▸ To do: Return the lines below exactly, please, from the one containing "MuchoWow Lunchbox Mama" through the last one, both included, and leave out any pictures.

▸ Data to process:
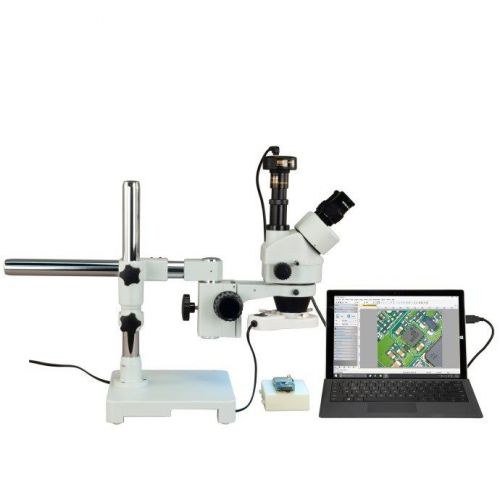 Digital 3.5x-90x trinocular boom stand microscope+9mp camera+8w ring light for sale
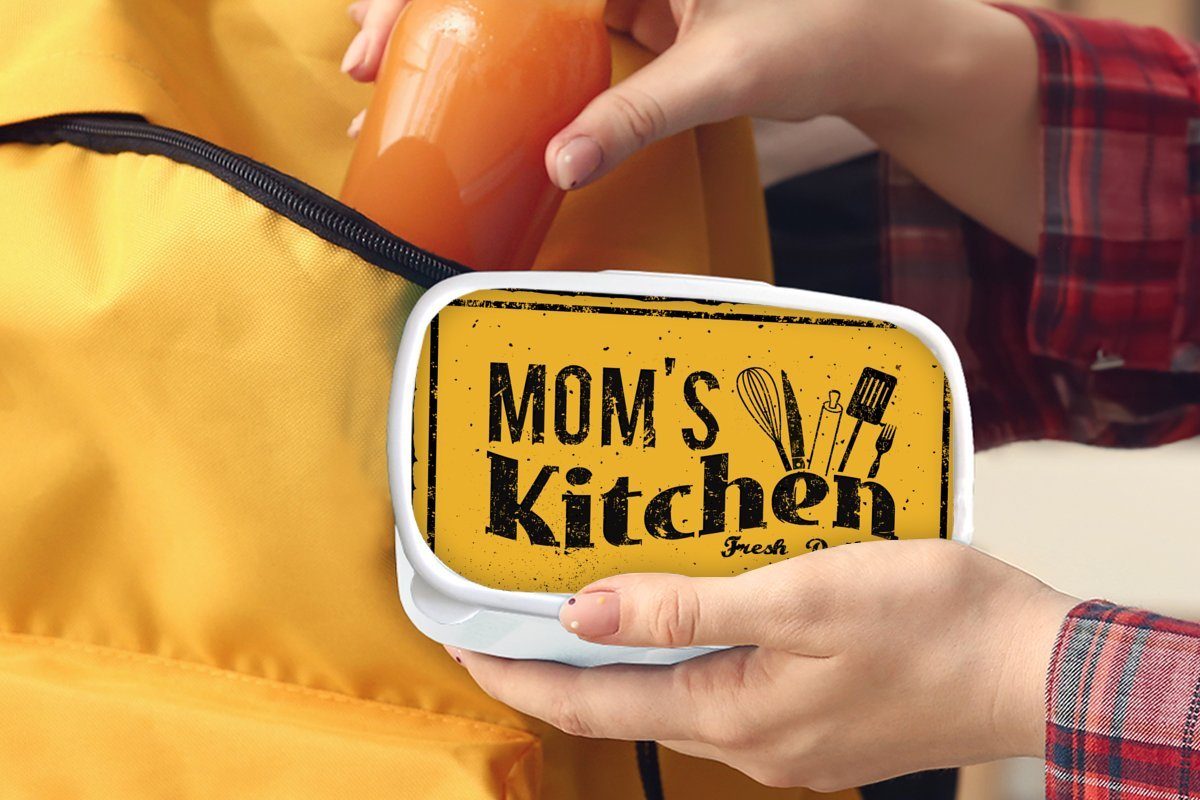 MuchoWow Lunchbox Mama und für - und Kunststoff, Kinder Brotdose, Mädchen Küche - Jungs (2-tlg), Erwachsene, Vintage, für Brotbox weiß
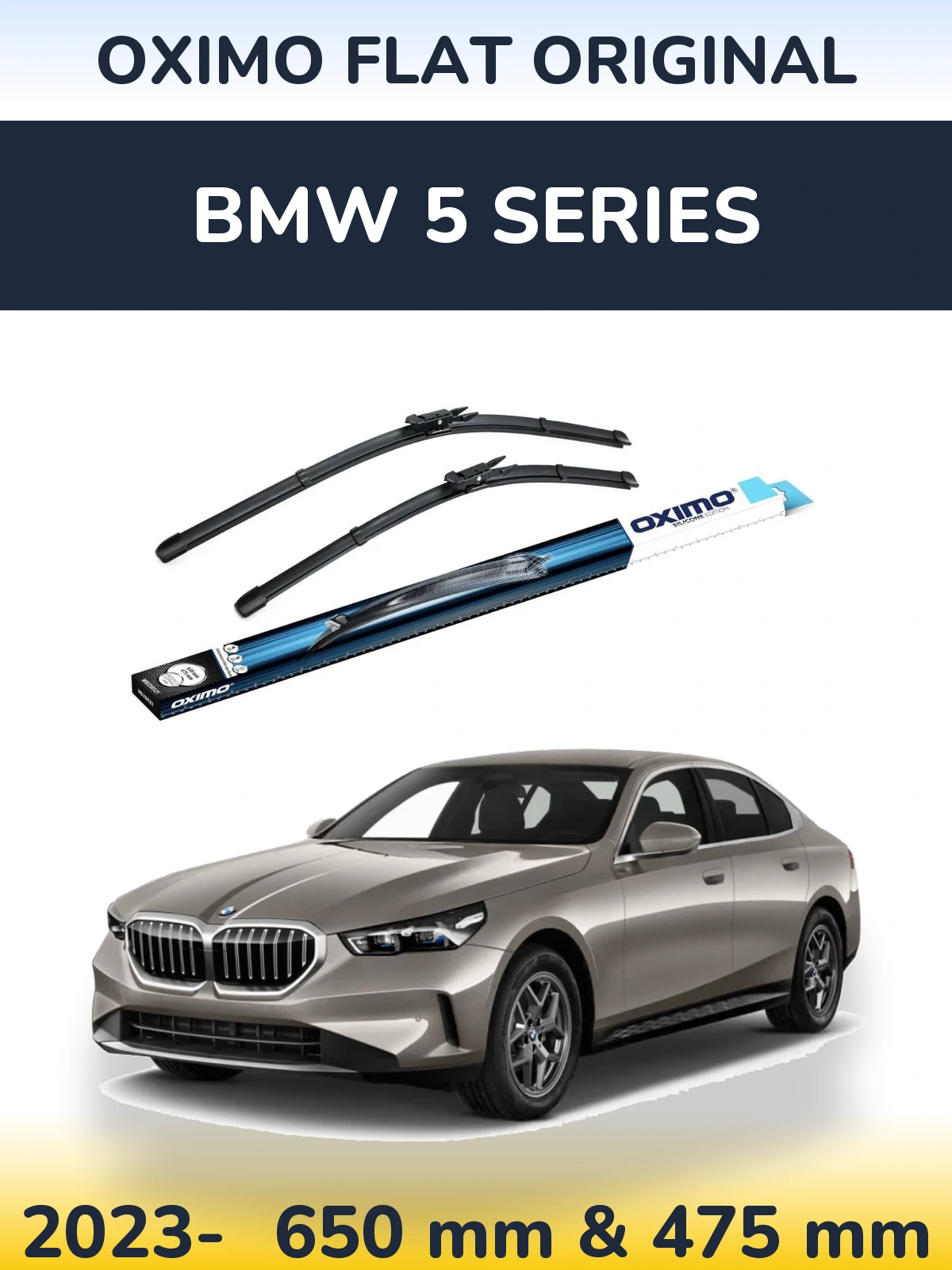 Komplet przednich wycieraczek Oximo Flat Original 650 & 475 mm do BMW Seria 5 2023-2026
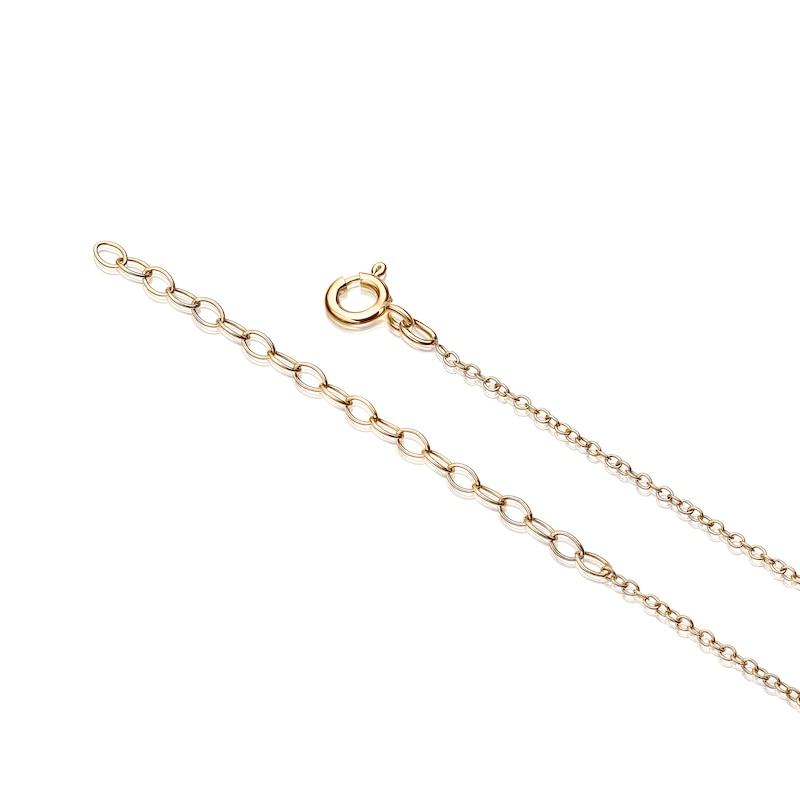 Main Image 3 of 9ct Yellow Gold Diamond & Oval Sapphire Pendant Necklace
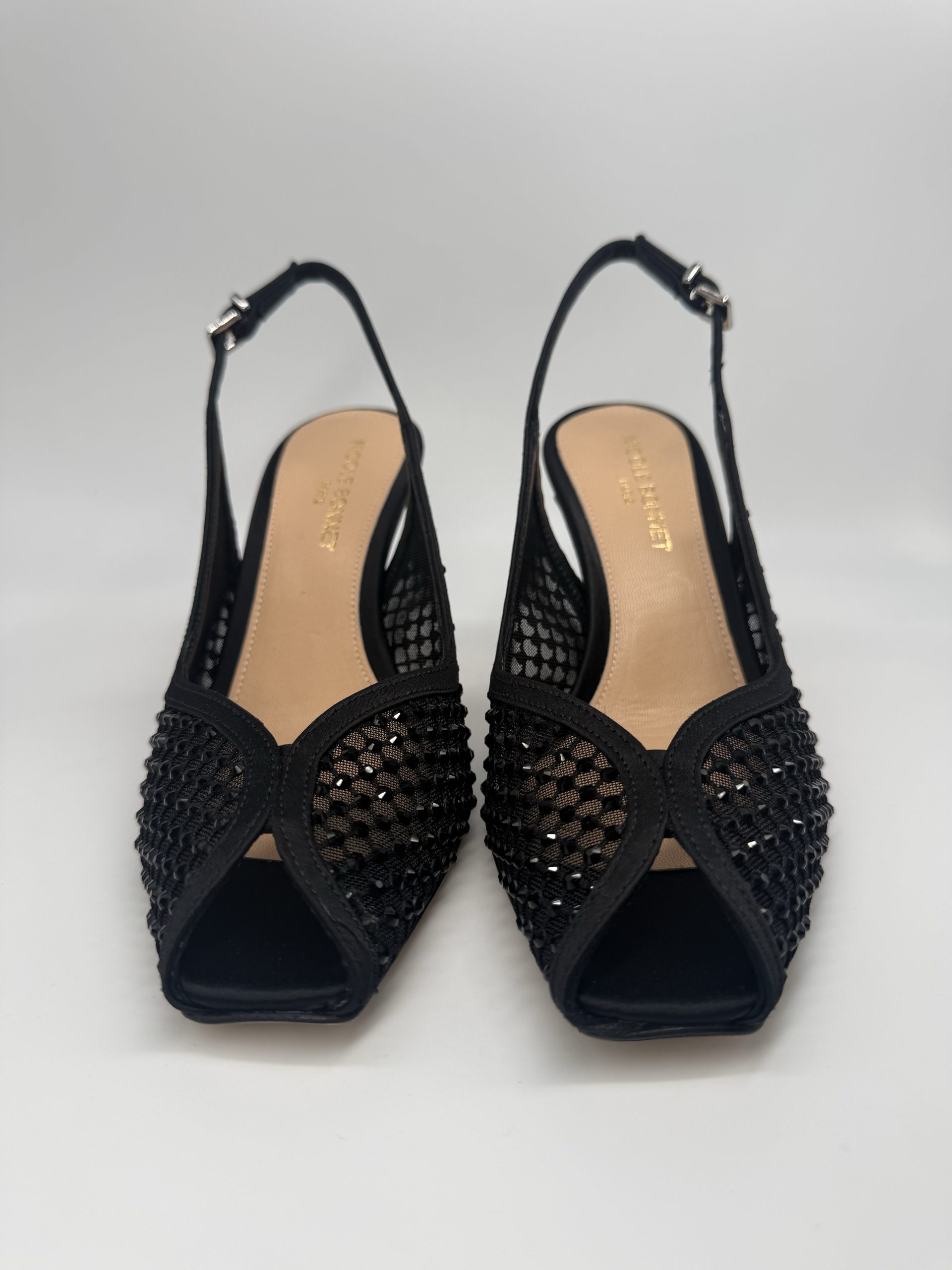 NICOLE BONNET | Chanel spuntato rete nero strass tacco 70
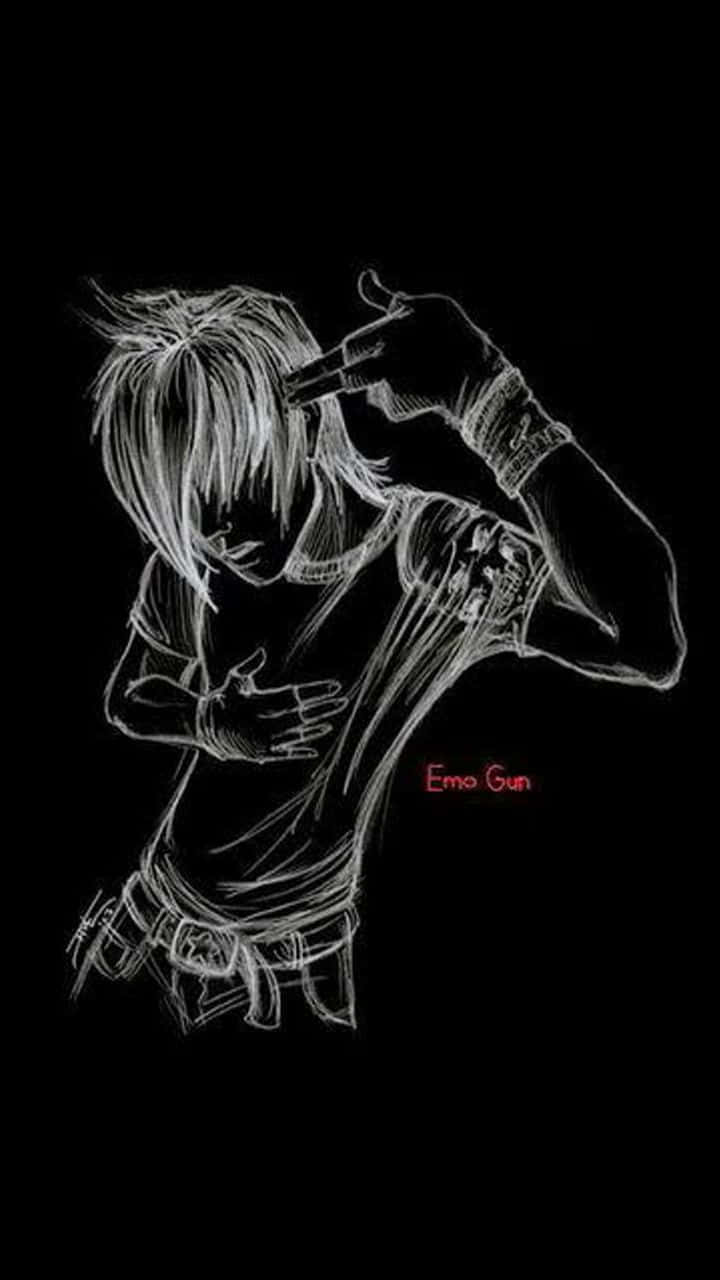 Emo iPhone na Mvulana kwenye Mandharinyuma Nyeusi Picha ya Ukuta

▸ Solution to the exercise:
 MuchoWow Lunchbox Mama und für - und Kunststoff, Kinder Brotdose, Mädchen Küche - Jungs (2-tlg), Erwachsene, Vintage, für Brotbox weiß
 Komplet przednich wycieraczek Oximo Flat Original 650 & 475 mm do BMW Seria 5 2023-2026
 Main Image 3 of 9ct Yellow Gold Diamond & Oval Sapphire Pendant Necklace
 NICOLE BONNET | Chanel spuntato rete nero strass tacco 70
 Emo iPhone na Mvulana kwenye Mandharinyuma Nyeusi Picha ya Ukuta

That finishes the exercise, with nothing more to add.